Buongiorno cari lettori!
Dopo le ferie estive sono pronta a presentarvi un nuovo libro. Il romanzo di cui parleremo oggi si intitola “Il viaggio della fenice”, scritto dalla bravissima Sabrina Prioli. Non è la classica lettura, ma un memoir. Nulla di ciò che vi è scritto è frutto della fantasia della scrittrice, al contrario, racconta il vissuto della stessa. Un libro sconvolgente e straziante che permane nel cuore del lettore proprio perché descrive fatti realmente accaduti. Conclusa questa breve premessa vi lascio la TRAMA:
In questo libro d’esordio, Sabrina Prioli ripercorre le tappe di oltre dieci anni di vita, dall’incubo del terremoto de L’Aquila al viaggio in Sud America dove coordinerà progetti di sviluppo umanitario, fino a giungere nel Sudan del Sud sconvolto dalla guerra civile. Qui sarà vittima di una brutale aggressione all’interno del compound in cui alloggia. Nonostante le profonde cicatrici interiori, Sabrina trova la forza e il coraggio di farsi carico della voce di milioni di vittime di abusi, avviando un lungo percorso di ricerca della giustizia, tuttora in corso. Con uno stile spontaneo e senza travestimenti, “Il viaggio della fenice” esplora la capacità di far fronte in maniera positiva alle avversità, coltivando le risorse che si trovano dentro di sé e rinascendo, ogni volta, come la fenice dalle ceneri.
RECENSIONE
“Il viaggio della fenice” si tratta di un memoir scritto da Sabrina Prioli, una professionista italiana che si occupa del monitoraggio di progetti di cooperazione internazionale. In questo breve, ma intenso, romanzo la scrittrice in un exscursus temporale ci narra gran parte della sua vita trascorsa nell’aiutare donne vittime di violenze di minoranze etniche. Sabrina si sofferma in particolar modo sul suo percorso di crescita sia come professionista sia come donna. Si scopre così un vissuto costellato di soddisfazioni, ma anche di violenza che hanno accompagnato la scrittrice. L’evento più sconcertante narrato è senza dubbio quello relativo al viaggio compiuto dalla scrittrice in Sudan nel 2016. Qui Sabrina si reca insieme ad altri uomini e donne del resto del mondo come cooperante. Nel Paese imperversa una guerra civile, nella capitale ci sono posti di blocco, si sentono gli scontri avvicinarsi. Da una parte le forze governative, dall’altra i ribelli, in mezzo le Nazioni Unite, le organizzazioni umanitarie e, naturalmente, migliaia di civili che subiscono una guerra che nessuno vorrebbe. Sabrina soggiorna in un compound, che viene attaccato dai soldati. Molte delle sue colleghe vengono violentate insieme a lei e un giornalista viene ucciso, ma Sabrina decide di non stare in silenzio: denuncia l’ accaduto e nonostante l’ ostruzionismo iniziale riesce a ottenere giustizia. Il romanzo racconta questo percorso.

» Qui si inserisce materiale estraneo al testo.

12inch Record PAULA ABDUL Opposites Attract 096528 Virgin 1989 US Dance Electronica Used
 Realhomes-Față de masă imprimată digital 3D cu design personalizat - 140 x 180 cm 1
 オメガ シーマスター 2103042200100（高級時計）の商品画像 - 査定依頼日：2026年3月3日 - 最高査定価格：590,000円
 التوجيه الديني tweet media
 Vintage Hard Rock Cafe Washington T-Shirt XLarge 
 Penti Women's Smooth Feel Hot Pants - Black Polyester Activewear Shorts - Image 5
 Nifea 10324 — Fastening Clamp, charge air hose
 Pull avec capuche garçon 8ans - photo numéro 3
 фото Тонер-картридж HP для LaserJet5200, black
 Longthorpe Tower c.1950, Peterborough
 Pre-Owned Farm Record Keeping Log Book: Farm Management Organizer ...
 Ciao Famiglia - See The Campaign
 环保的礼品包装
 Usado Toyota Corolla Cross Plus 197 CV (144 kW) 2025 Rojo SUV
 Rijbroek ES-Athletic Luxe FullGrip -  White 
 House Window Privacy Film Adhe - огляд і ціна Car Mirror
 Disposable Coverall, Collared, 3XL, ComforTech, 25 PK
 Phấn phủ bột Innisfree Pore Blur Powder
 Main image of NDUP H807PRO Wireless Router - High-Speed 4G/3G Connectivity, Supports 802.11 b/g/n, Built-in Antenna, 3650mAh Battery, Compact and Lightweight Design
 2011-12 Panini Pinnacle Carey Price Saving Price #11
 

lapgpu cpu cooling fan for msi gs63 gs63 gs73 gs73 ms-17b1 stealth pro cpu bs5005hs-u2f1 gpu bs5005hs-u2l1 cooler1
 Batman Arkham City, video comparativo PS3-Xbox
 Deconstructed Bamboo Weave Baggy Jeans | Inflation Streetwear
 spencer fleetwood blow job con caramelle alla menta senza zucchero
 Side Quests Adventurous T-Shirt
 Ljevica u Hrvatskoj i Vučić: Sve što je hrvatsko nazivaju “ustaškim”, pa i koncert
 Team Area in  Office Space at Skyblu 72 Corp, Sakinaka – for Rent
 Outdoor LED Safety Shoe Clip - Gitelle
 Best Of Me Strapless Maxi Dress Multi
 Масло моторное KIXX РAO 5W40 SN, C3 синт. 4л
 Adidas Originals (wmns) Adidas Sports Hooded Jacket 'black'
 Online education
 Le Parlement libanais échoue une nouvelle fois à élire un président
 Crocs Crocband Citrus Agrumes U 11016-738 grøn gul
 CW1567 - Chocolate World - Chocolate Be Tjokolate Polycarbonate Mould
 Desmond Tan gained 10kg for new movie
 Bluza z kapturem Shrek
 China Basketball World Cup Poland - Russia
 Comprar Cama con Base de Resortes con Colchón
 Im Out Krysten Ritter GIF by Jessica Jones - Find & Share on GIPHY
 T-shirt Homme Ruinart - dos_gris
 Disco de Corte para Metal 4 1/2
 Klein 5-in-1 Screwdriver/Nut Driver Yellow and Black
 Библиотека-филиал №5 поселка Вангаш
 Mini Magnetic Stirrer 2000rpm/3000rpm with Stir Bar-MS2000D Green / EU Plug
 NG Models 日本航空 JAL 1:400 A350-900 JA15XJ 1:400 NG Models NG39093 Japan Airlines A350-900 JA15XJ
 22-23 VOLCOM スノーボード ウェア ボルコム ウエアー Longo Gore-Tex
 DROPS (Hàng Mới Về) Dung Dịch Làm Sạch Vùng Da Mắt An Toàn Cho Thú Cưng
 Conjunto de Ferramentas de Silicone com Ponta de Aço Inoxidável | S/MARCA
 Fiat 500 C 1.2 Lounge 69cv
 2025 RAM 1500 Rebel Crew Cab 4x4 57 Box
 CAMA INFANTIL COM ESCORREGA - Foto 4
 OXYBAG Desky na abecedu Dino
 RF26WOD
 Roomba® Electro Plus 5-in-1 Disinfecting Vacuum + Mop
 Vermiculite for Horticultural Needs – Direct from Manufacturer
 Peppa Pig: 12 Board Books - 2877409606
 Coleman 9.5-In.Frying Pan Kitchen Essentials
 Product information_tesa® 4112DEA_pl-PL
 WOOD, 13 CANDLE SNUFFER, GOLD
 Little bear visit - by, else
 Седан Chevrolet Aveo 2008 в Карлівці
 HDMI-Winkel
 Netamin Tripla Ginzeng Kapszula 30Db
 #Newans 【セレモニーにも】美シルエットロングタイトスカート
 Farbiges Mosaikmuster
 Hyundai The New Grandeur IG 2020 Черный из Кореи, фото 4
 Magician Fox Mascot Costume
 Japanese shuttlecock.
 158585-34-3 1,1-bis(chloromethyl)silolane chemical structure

Il libro mi è piaciuto molto, non conoscevo assolutamente questa vicenda. Ringrazio Sabrina per aver avuto il coraggio di raccontare la sua storia e di avermi inviato il suo libro. Sicuramente il romanzo è tutt’altro che qualcosa di piacevole da leggere, ma coinvolge proprio perché è vero. Narrato in prima persona, lo stile di Sabrina ha una fluidità tale che travolge il lettore. Lo prende per mano e lo accompagna negli avvenimenti più importanti della sua vita, lo scuote e gli grida il suo dolore e la sua sofferenza.
Qui dentro ci sono scorie radioattive di tutto ciò che non sono più. Ci sono occhi che ho dovuto chiudere, le ginocchia e la volontà che ho dovuto piegare. Finché non ho ricominciato da capo. Non l’ho chiesto, non l’ho scelto: l’ho solo fatto.
Questo libro è un viaggio che stupisce e sconvolge, inevitabile è il coinvolgimento emotivo. Non vuole essere unicamente una narrazione dei fatti, ma soprattutto un’analisi profonda del percorso personale vissuto da Sabrina, che è bravissima nel mettere nero su bianco le sue emozioni, le sue paure e perplessità. Questo è sicuramente l’aspetto che ho più apprezzato. Una lettura che lascia un segno profondo e che dovrebbe essere maggiormente diffusa. Consigliato!